Segment Start: Input data

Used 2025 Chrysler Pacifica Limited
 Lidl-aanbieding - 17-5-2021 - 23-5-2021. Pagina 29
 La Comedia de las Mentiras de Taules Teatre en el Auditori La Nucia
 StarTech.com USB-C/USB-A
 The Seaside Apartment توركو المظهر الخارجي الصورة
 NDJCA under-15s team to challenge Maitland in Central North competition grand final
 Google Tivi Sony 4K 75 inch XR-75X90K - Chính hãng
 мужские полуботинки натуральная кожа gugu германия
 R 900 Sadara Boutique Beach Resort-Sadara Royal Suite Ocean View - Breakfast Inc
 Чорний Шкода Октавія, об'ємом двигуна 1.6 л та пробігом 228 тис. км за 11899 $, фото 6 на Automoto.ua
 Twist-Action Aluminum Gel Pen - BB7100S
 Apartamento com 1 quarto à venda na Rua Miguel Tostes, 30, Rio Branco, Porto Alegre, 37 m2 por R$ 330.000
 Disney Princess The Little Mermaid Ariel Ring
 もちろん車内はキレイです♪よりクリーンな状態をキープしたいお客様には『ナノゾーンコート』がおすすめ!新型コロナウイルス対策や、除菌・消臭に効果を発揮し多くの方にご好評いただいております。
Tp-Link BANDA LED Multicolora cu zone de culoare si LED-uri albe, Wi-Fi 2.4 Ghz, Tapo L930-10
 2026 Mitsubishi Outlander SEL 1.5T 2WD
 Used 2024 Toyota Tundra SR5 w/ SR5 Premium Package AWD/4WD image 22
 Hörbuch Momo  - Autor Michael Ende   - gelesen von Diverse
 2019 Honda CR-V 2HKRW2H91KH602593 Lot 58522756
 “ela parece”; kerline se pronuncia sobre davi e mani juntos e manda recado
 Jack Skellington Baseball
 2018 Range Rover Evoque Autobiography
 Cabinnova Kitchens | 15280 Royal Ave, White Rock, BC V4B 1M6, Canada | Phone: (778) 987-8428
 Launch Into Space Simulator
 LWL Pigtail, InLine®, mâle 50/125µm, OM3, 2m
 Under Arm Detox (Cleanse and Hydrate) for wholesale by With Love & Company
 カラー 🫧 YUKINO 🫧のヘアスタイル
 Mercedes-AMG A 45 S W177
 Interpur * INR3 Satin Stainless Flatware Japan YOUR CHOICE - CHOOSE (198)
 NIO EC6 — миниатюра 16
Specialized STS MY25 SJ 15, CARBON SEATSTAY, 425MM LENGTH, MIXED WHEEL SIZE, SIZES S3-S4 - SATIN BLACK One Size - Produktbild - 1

Segment End: Input data

Task instructions:
Each entry should be reproduced in the output exactly.

Task output:
Used 2025 Chrysler Pacifica Limited
 Lidl-aanbieding - 17-5-2021 - 23-5-2021. Pagina 29
 La Comedia de las Mentiras de Taules Teatre en el Auditori La Nucia
 StarTech.com USB-C/USB-A
 The Seaside Apartment توركو المظهر الخارجي الصورة
 NDJCA under-15s team to challenge Maitland in Central North competition grand final
 Google Tivi Sony 4K 75 inch XR-75X90K - Chính hãng
 мужские полуботинки натуральная кожа gugu германия
 R 900 Sadara Boutique Beach Resort-Sadara Royal Suite Ocean View - Breakfast Inc
 Чорний Шкода Октавія, об'ємом двигуна 1.6 л та пробігом 228 тис. км за 11899 $, фото 6 на Automoto.ua
 Twist-Action Aluminum Gel Pen - BB7100S
 Apartamento com 1 quarto à venda na Rua Miguel Tostes, 30, Rio Branco, Porto Alegre, 37 m2 por R$ 330.000
 Disney Princess The Little Mermaid Ariel Ring
 もちろん車内はキレイです♪よりクリーンな状態をキープしたいお客様には『ナノゾーンコート』がおすすめ!新型コロナウイルス対策や、除菌・消臭に効果を発揮し多くの方にご好評いただいております。
Tp-Link BANDA LED Multicolora cu zone de culoare si LED-uri albe, Wi-Fi 2.4 Ghz, Tapo L930-10
 2026 Mitsubishi Outlander SEL 1.5T 2WD
 Used 2024 Toyota Tundra SR5 w/ SR5 Premium Package AWD/4WD image 22
 Hörbuch Momo  - Autor Michael Ende   - gelesen von Diverse
 2019 Honda CR-V 2HKRW2H91KH602593 Lot 58522756
 “ela parece”; kerline se pronuncia sobre davi e mani juntos e manda recado
 Jack Skellington Baseball
 2018 Range Rover Evoque Autobiography
 Cabinnova Kitchens | 15280 Royal Ave, White Rock, BC V4B 1M6, Canada | Phone: (778) 987-8428
 Launch Into Space Simulator
 LWL Pigtail, InLine®, mâle 50/125µm, OM3, 2m
 Under Arm Detox (Cleanse and Hydrate) for wholesale by With Love & Company
 カラー 🫧 YUKINO 🫧のヘアスタイル
 Mercedes-AMG A 45 S W177
 Interpur * INR3 Satin Stainless Flatware Japan YOUR CHOICE - CHOOSE (198)
 NIO EC6 — миниатюра 16
Specialized STS MY25 SJ 15, CARBON SEATSTAY, 425MM LENGTH, MIXED WHEEL SIZE, SIZES S3-S4 - SATIN BLACK One Size - Produktbild - 1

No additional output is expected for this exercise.